研究課題
本研究では、本邦およびアジアの造血細胞移植レジストリデータにおいて、データ収集項目および症例報告書レベルのデータ構造に関する国際データ標準への準拠状況を海外レジストリとの比較を通して調査することにより、造血細胞移植レジストリの国際データ標準化に向けた課題を明らかにし、海外レジストリデータとの相互互換性を改善するとともに、移植レジストリを国際データ標準に準拠させるための技術的課題を明らかにし、メタデータを含めたデータベース設計の基盤とすることを目的としている。造血細胞移植レジストリデータのレギュラトリサイエンスへの活用や国際共同研究を加速させ、国際データ標準化のための知見を蓄積することが期待される。当該年度はアジア造血細胞移植レジストリが収集するLeast Minimum Dataset (LMD) のデータフォームにおける質問形式、項目、用語に関する調査を行い、electronic data capture (EDC)システムを用いて電子的にデータを収集するために医学的見地も含めて症例報告書におけるデータ収集項目の再検討と整理を行った。EDCシステムを使用してLMDデータを収集するためのデータ定義書を作成、項目の入力制御の定義を作成し、試験的にEDCシステムへの実装を行った。作成したデータ定義をもとに、収集データの各変数を国際データ標準であるClinical Data Interchange Standards Consortium (CDISC)標準に基づいてドメインの分類作業を行い、EDCデータからCDISC標準におけるStudy Data Tabulation Model (SDTM)のモデルへのマッピングを可能にするための準備作業を進めている。
2: おおむね順調に進展している
実績の概要でも述べたとおり、アジア造血細胞移植レジストリが収集するLMDのデータ形式をEDCシステムを用いて収集可能な形式とし、データ定義書の作成と試験的なEDCシステムへの実装を行った。

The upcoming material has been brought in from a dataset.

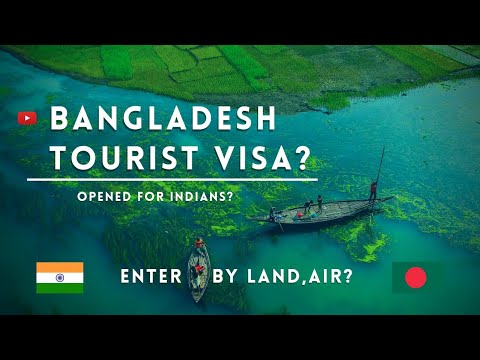 Bangladesh visa for Indians? Bangladesh tourist visa?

データ定義をもとに、CDISC標準のSDTMモデルにマッピングするための準備作業を進めている。Therapeutic Area Standard (TAS)に未採用である造血細胞移植に特有な事項に関する検討が進んでいないが、新たなデータ定義の作成を含みデータ標準対応に関する準備が進んでおり、おおむね順調に進んでいる。
次年度は、引き続きLMDデータのSDTMモデルへのマッピング作業を進め、造血細胞移植レジストリデータの国際データ標準化における課題を抽出する。作成したデータ形式に基づいて電子的にLMDデータを収集し、SDTMデータに変換可能な箇所について変換作業を試行する。現在のCDISCで対応困難なデータ項目を抽出し、米国レジストリの手法を参考に国際データ標準化の方法を検討する。米国レジストリを含む国際データからアジアLMDデータへの書き出しの実証に向けて、課題を抽出する。
資料およびデータ入力補助のための人件費・データ処理用のパーソナルコンピューターの支出を予定したが、本年度データ入力作業が発生しなかったため、次年度以降に持ち越すこととした。